▶ DATA TO USE
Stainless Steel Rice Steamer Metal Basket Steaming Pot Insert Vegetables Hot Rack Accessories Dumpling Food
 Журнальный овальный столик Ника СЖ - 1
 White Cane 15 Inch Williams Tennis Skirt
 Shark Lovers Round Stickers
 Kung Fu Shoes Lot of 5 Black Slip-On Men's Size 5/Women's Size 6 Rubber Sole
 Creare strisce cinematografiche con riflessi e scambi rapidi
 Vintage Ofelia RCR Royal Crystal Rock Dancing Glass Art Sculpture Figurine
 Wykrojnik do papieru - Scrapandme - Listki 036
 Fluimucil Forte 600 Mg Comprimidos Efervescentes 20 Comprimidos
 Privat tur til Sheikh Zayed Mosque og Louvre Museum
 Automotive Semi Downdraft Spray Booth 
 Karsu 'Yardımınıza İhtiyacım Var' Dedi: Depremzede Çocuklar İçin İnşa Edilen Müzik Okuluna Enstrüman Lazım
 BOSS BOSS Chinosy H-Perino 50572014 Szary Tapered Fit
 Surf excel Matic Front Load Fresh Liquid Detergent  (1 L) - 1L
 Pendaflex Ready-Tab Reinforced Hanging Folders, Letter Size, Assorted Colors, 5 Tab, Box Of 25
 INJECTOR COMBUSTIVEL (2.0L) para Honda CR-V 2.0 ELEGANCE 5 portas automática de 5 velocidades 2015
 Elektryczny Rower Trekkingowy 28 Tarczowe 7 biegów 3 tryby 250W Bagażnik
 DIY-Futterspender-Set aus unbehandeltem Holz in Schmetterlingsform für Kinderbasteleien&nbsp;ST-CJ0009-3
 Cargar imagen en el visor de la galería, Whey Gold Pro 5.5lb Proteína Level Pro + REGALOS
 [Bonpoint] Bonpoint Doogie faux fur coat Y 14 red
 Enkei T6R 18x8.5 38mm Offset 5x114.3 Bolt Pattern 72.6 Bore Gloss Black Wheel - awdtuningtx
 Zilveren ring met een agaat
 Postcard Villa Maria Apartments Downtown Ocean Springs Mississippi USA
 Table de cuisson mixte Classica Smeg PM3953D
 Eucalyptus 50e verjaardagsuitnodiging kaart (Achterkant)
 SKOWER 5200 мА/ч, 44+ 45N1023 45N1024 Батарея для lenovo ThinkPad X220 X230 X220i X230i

▶ EXERCISE
Establish how many lines of the entries hold the word "Size", giving nothing but the number.

▶ WRITTEN RESPONSE
2